> _What to work on_
Include in the output exactly the lines from the opening of the data through the line containing "Here I am back", and nothing more.
[Given data]
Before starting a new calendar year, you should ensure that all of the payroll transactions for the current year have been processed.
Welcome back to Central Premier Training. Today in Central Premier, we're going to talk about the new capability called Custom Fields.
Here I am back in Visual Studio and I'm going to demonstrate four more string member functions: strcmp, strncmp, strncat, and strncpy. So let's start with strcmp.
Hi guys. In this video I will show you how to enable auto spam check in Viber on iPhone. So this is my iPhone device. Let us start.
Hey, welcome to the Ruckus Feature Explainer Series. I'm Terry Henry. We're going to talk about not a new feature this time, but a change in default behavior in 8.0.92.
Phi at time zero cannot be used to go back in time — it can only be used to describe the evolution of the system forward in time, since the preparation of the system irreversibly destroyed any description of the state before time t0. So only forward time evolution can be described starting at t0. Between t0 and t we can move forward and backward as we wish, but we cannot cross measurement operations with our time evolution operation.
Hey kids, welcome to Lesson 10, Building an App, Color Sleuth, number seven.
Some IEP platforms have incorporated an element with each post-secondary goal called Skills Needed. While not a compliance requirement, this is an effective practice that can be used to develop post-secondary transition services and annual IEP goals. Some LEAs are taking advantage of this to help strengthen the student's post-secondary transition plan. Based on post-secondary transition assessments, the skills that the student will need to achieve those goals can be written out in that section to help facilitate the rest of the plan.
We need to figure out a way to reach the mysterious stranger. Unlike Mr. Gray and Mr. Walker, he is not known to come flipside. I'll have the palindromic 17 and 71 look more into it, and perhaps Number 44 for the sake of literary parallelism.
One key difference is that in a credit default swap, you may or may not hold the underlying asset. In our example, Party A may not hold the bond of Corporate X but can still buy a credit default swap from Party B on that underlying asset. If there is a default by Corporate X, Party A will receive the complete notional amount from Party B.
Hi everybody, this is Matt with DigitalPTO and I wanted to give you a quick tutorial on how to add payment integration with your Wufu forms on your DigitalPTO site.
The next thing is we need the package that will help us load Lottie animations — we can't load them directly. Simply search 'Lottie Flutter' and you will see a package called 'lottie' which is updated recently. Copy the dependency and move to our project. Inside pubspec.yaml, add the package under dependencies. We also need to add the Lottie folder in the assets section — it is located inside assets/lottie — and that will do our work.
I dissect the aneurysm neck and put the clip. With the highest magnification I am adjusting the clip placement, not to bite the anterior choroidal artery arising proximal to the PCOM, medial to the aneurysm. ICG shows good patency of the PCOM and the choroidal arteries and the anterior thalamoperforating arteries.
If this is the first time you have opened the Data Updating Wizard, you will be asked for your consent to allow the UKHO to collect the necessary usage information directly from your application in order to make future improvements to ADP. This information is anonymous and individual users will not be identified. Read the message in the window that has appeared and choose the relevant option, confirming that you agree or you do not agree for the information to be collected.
[/Given data]
> _Problem solution_
Before starting a new calendar year, you should ensure that all of the payroll transactions for the current year have been processed.
Welcome back to Central Premier Training. Today in Central Premier, we're going to talk about the new capability called Custom Fields.
Here I am back in Visual Studio and I'm going to demonstrate four more string member functions: strcmp, strncmp, strncat, and strncpy. So let's start with strcmp.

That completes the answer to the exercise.